■ **ASSIGNMENT**
With the pictures left aside, write out exactly the lines of the listing below from the line with "OSS4785 Rhode Island License Plate" to the line with "Vintage Y2K Grey", both included, and only those.

■ **RECORDS FOR THE TASK**
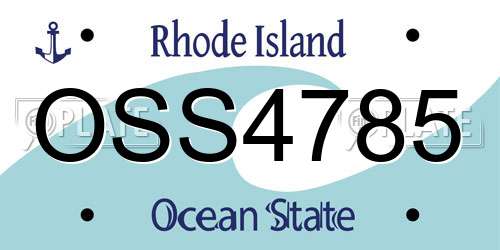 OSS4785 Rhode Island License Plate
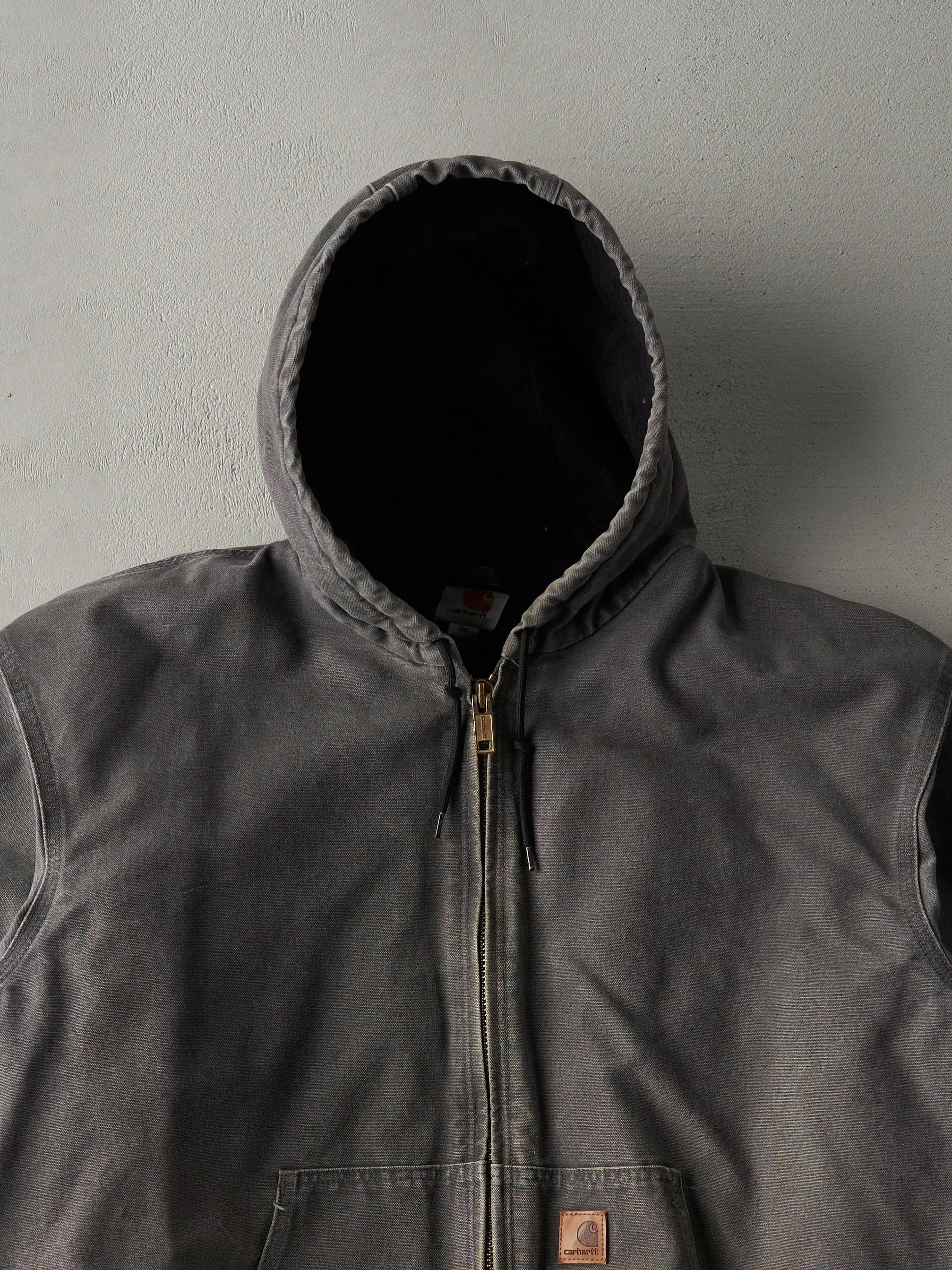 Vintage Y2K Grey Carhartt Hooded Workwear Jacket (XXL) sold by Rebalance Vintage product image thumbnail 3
--
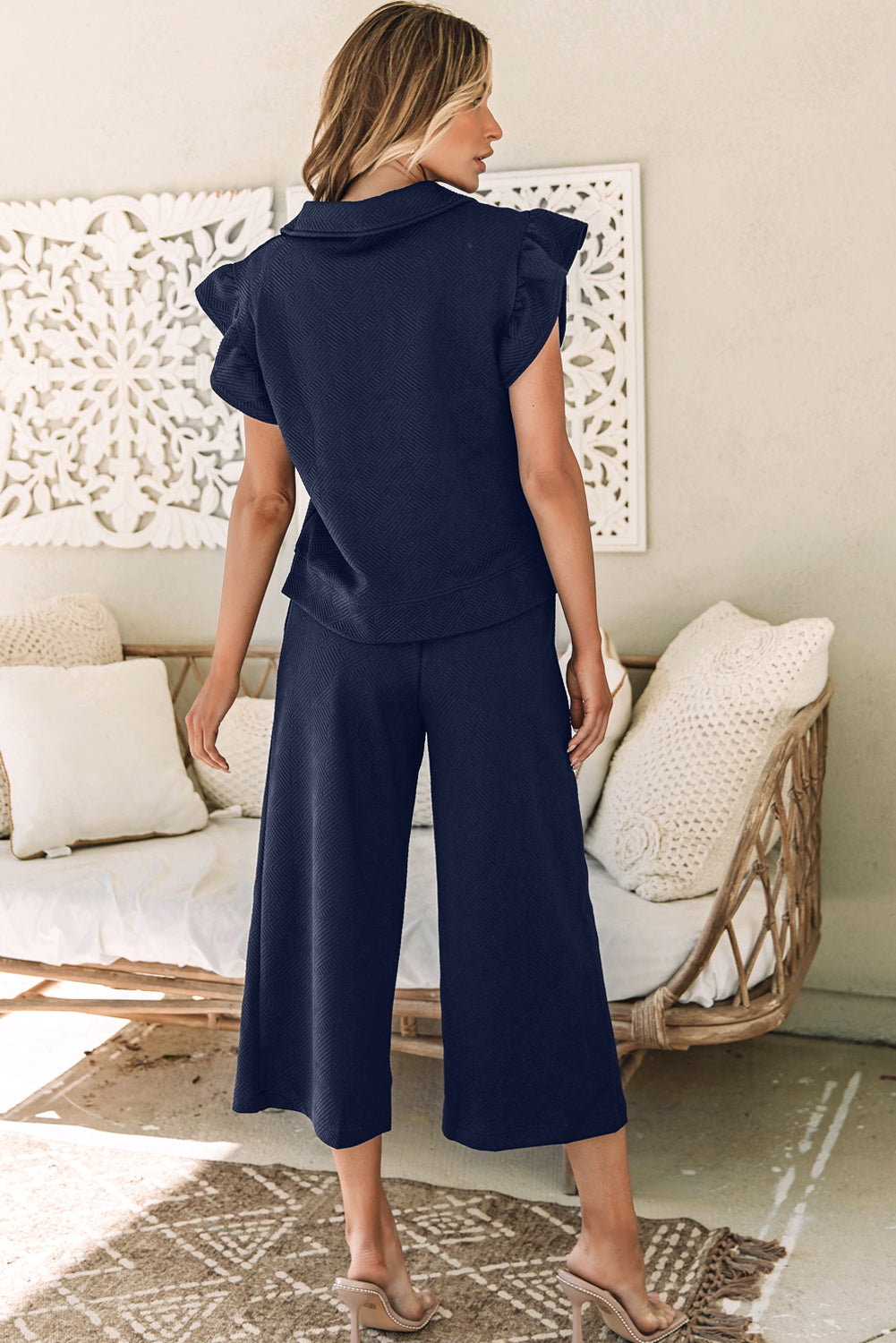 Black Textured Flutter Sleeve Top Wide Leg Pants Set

■ **OUTPUT**
 OSS4785 Rhode Island License Plate
 Vintage Y2K Grey Carhartt Hooded Workwear Jacket (XXL) sold by Rebalance Vintage product image thumbnail 3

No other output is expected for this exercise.